By Lynn Lieu
Cities of Origin: Lake Elsinore native; Seattle transplant.
Kindred Spirits: “Artistically, I am most influenced by life and relationships, circumstances, events, social injustices, personal heartbreak, etc. . . . As for who inspires me, my number-one influence would have to be Bob Dylan, followed by other great songwriters like Neil Young, Noah Gundersen, Radiohead, Rocky Votolato, Iron & Wine . . . my list is endless.”
Recent Release: Of Life & Love (Feb. 2012), Black & Blue EP (Spring 2013).
Frequents: Flour Fusion, Lake Elsinore.
Holly Pulliam writes about life and relationships, and about six months ago Pulliam did what many of us in the IE dream to do: pick up and leave. Considering herself a hybrid of singer-songwriter and folk with a hint of pop, Pulliam began her musical ventures at 14 years old when she started piano lessons. By the time she was 17, Pulliam was writing one to two songs a week. Now at 25, after a painful breakup, Pulliam has relocated to Seattle for a fresh start. And while the songstress resides over a thousand miles away, she returns this week for a show in her hometown. She’s also planning on making the trek from San Diego north to Seattle for a tour next year.
Why did you relocate to Seattle? How has it been since your move?
I had been entertaining the idea for years, but never very seriously. Then, after going through a painful breakup and wrapping up my first album, I figured it was a good time for a change . . . It has been so good for me to be a part of the artistic community here, and I have met so many incredible friends already. It is not for the faint of heart, though. As any musician knows, there is a need for thick skin—you have to be able to hear “No!” a thousand times and have doors slammed in your face. I am not easily offended or discouraged, so I am doing okay. But I would not recommend large cities to those who have sensitive egos.
How different or similar is the Seattle music scene to the IE’s?

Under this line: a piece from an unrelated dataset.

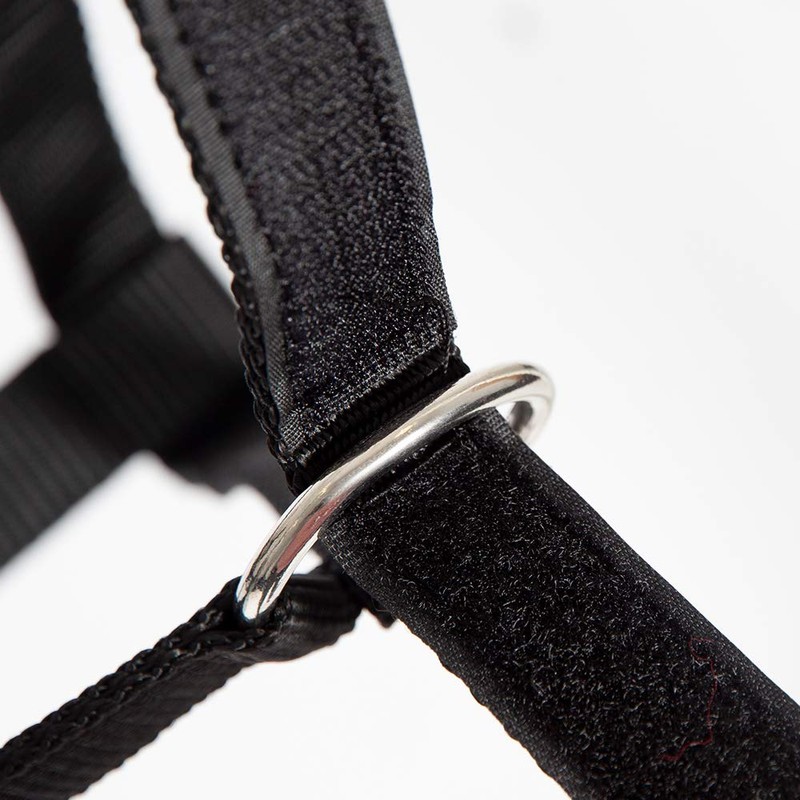 PFIFF Jocose 102921 Safety Halter Paddock Headcollar Black Shetty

Seattle is very rich and overflowing with amazing talent—which is great! But it also means the competition is pretty stiff. The IE is not as saturated, which is not necessarily bad. It can make it challenging to network and build relationships with other musicians, but having fewer of us also means more opportunities. It is much more difficult to get booked for gigs in Seattle, especially if you are not local-grown, whereas in Riverside or Lake Elsinore, I have found it to be easier to get in contact with venues and be heard. However, I arrived here only six months ago, so my roots have not yet taken and I am an unknown face in a sea of singer-songwriters in one of the most wonderful music scenes in this country. Regardless of what level of success I achieve here, I am so grateful I made the move and I am loving every minute of my life.